Transdermal hormone replacement therapy is associated with the lowest risk of venous thromboembolism, yet still is relatively underused compared to oral preparations, researchers say.
Writing in the BMJ, Yana Vinogradova, PhD, of the University of Nottingham (England) and her associates reported the results of two nested case-control studies of hormone replacement therapy (HRT) and venous thromboembolism (VTE) from Jan. 1998 to Feb. 2017 that altogether included 80,396 women aged 40-79 years with a primary diagnosis of VTE matched to 391,494 female controls.
Overall, 7% of the women with VTE had been exposed to HRT in the 90 days before the index date versus 5.5% of controls.

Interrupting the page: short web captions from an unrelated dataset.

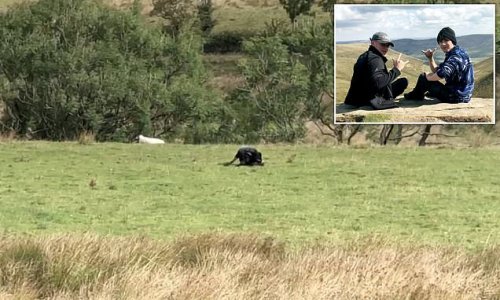Is a PANTHER on the loose in the Peak District? Camper says his mobile phone has captured big cat feeding on dead sheep
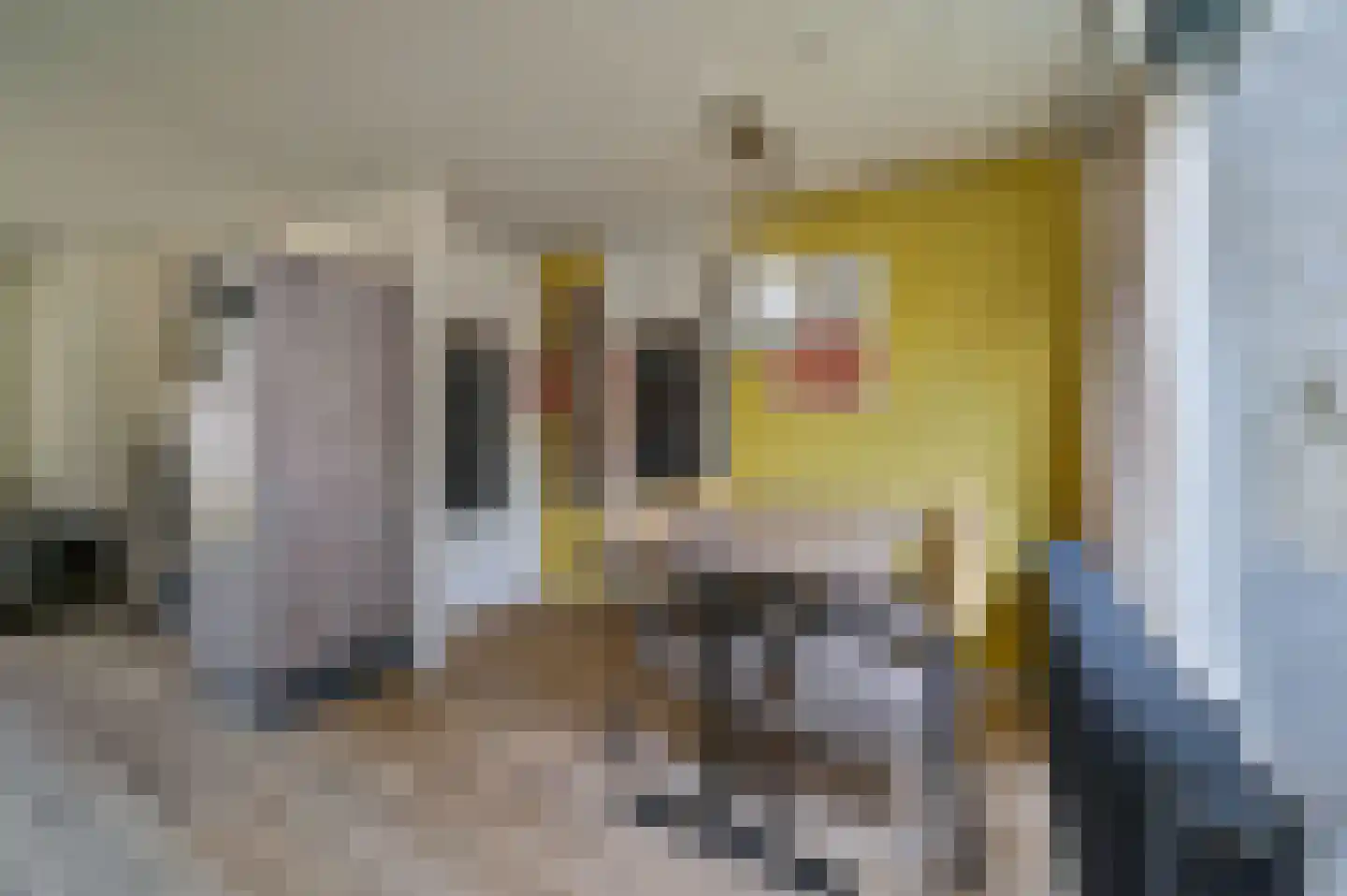 Vennenbos 848 Hapert thumbnail 9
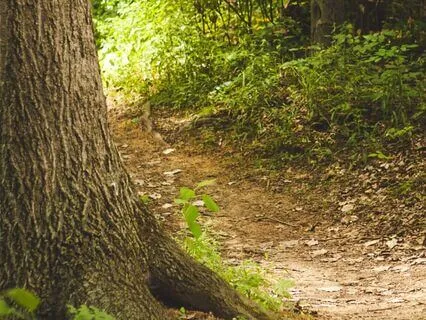 Visualize Meeting With Your Upper Left Wisdom Tooth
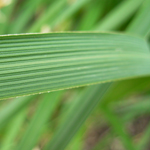 Thick green lined stem of African feather grass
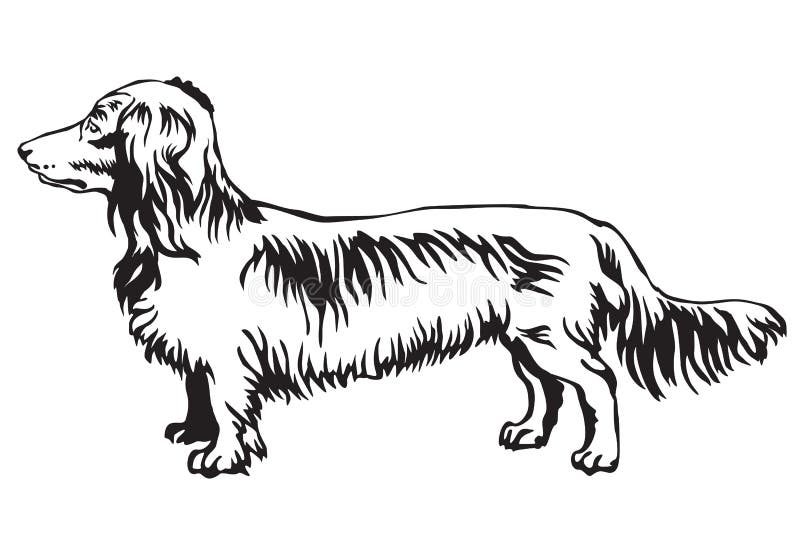 Decoratief bevindend portret van vector van de hond de Langharige Tekkel
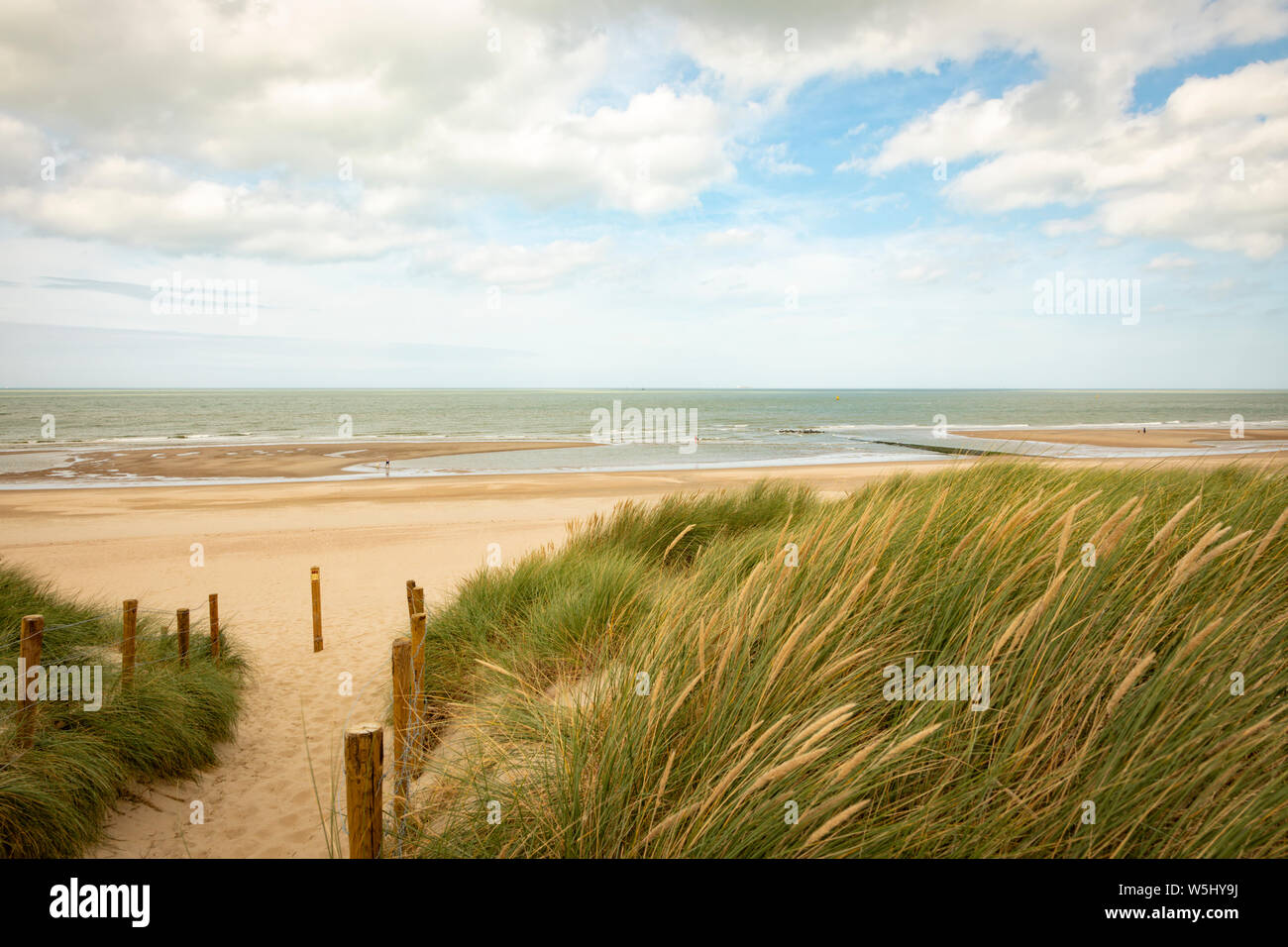 Strand von Wenduine, De Haan, Belgien, Dünen im Vordergrund Stockfoto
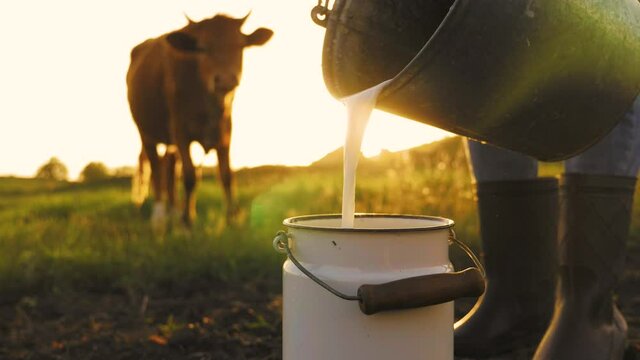 Fresh milk concept. Woman pours milk into can at sunset. Young female farmer is pouring a fresh milk to filling a can on a dairy farm. Farmer pours milk into can, in the background of redhead cow.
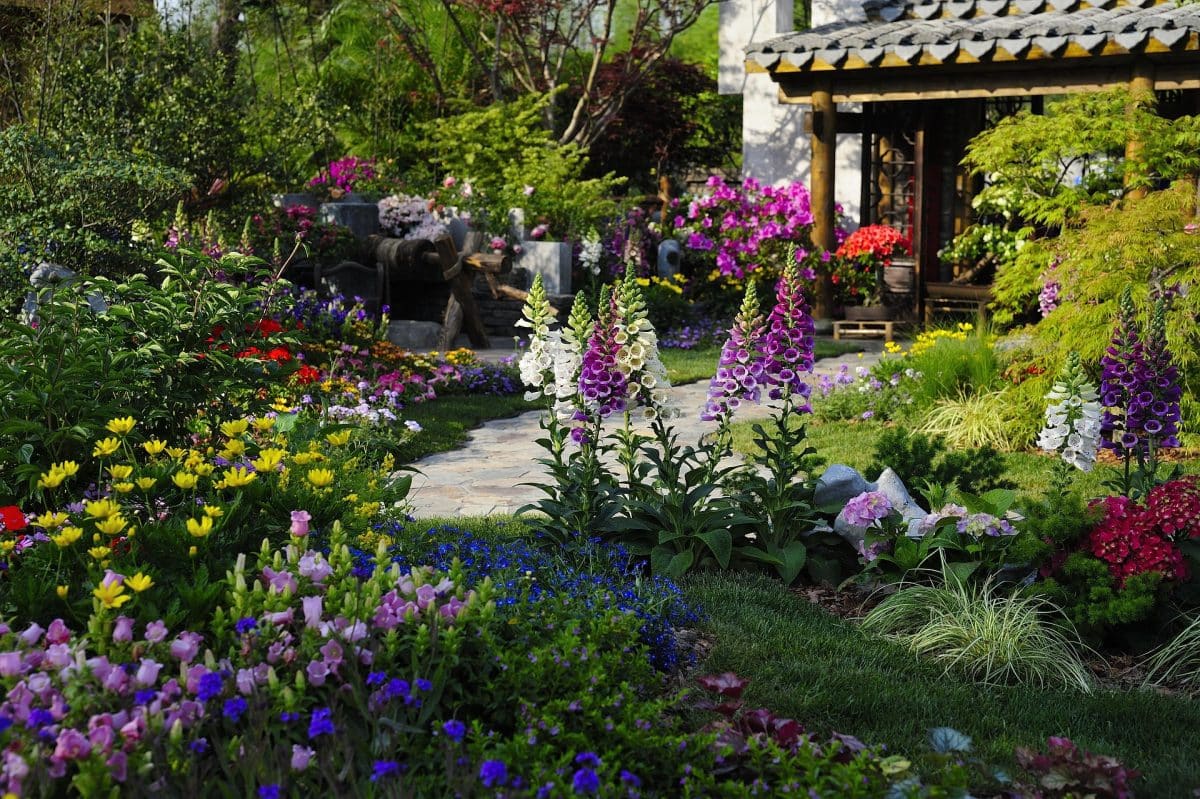 תכנון גינה ביתית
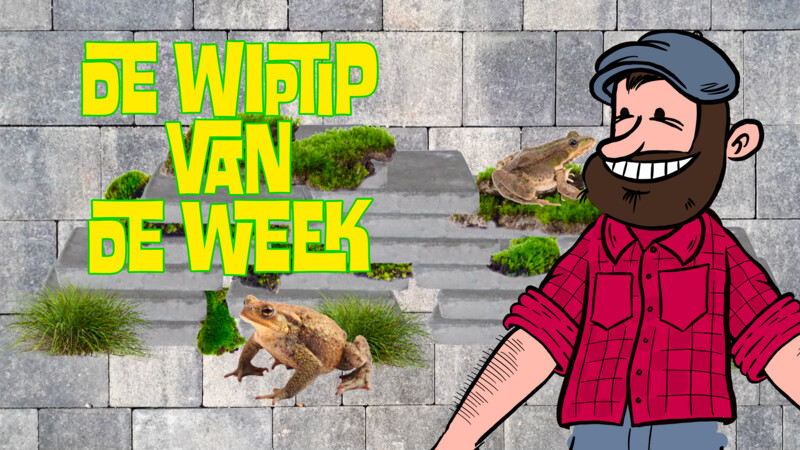 Zappelin Brigade | De Wiptip van de Week Kikker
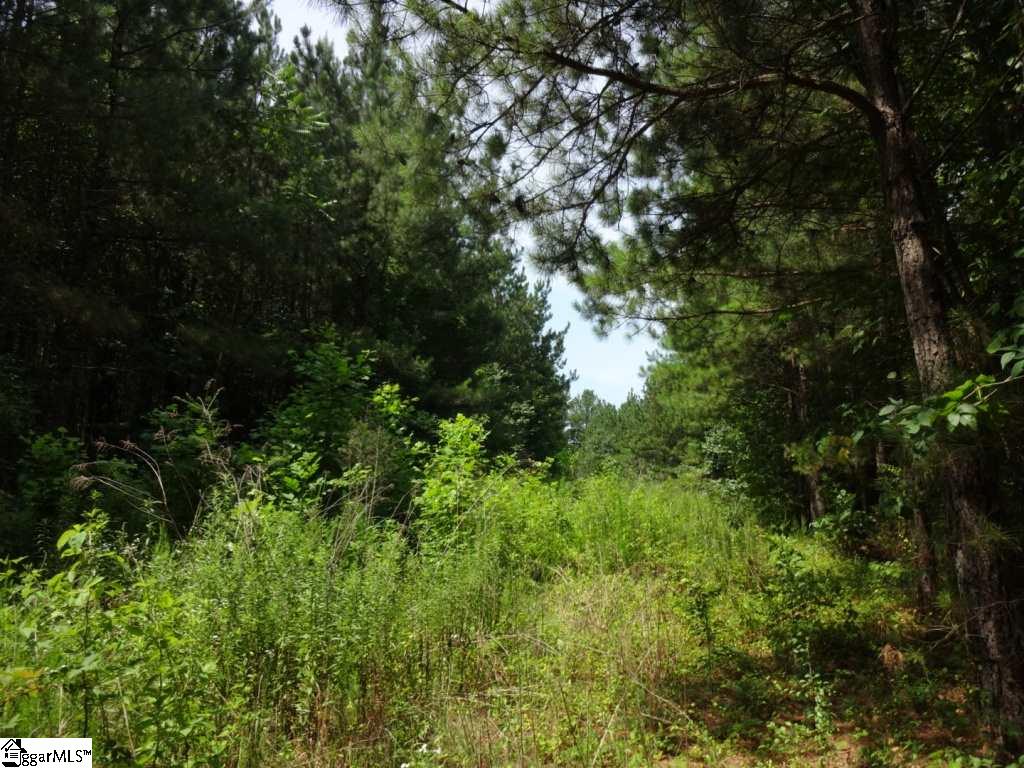 North Southerlin Road, Unit TRACT B Taylors, SC 29687 - Photo 13 of 13 Gallery Image 13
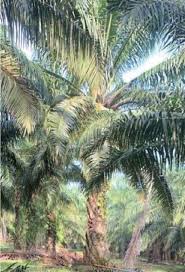 Image result for Elaeis guineensis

The greatest increase in risk of VTE, compared with no exposure, was seen with oral conjugated equine estrogen with medroxyprogesterone acetate, which was associated with a more than twofold increase in risk (odds ratio, 2.10; 95% confidence interval, 1.92-2.31; P less than .01).
However transdermal HRT use was not associated with any increase in risk, compared with no HRT exposure. The data even pointed to a slight decrease in risk, which the authors suggested may be the result of some residual confounding or indication bias.
Oral HRT generally was associated with a 58% increased risk of VTE, which amounted to a number needed to harm of 1,076 and nine extra cases of VTE per 10,000 women taking oral HRT.
Dr. Vinogradova and her colleagues noted that the vast majority of women in the study were being prescribed oral HRT for menopausal symptoms despite previous studies showing transdermal HRT has much lower risk.
“When women with menopausal symptoms already have an increased VTE risk because of comorbidities or obesity, these women and their doctors should give greater consideration to transdermal HRT,” they wrote.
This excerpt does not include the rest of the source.